** DATA TO EXAMINE follows **

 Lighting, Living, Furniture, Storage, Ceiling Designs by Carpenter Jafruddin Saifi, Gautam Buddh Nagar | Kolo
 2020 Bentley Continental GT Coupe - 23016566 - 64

** End of DATA TO EXAMINE **
** DATA TO EXAMINE follows **

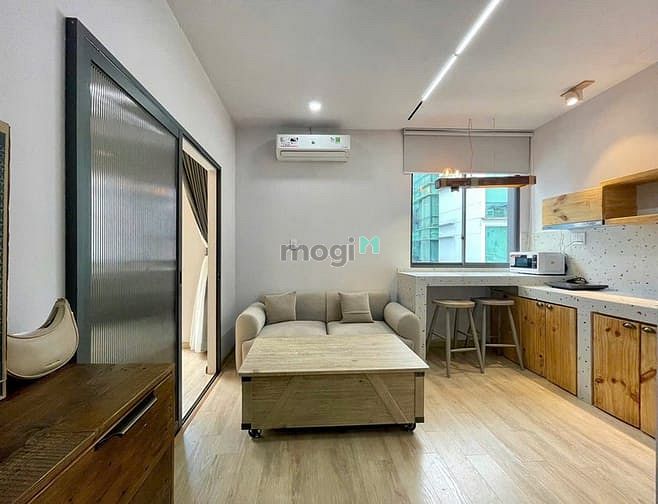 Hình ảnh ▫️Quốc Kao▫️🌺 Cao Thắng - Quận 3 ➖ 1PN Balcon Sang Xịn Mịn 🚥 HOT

** End of DATA TO EXAMINE **

> [TASK ITEM]: The exact lines of the material above starting at the one that contains "Lighting, Living, Furniture, Storage, Ceiling" and ending at the one that contains "2020 Bentley Continental" are what to retype; leave out everything else.

> [COMPLETED TASK]:
 Lighting, Living, Furniture, Storage, Ceiling Designs by Carpenter Jafruddin Saifi, Gautam Buddh Nagar | Kolo
 2020 Bentley Continental GT Coupe - 23016566 - 64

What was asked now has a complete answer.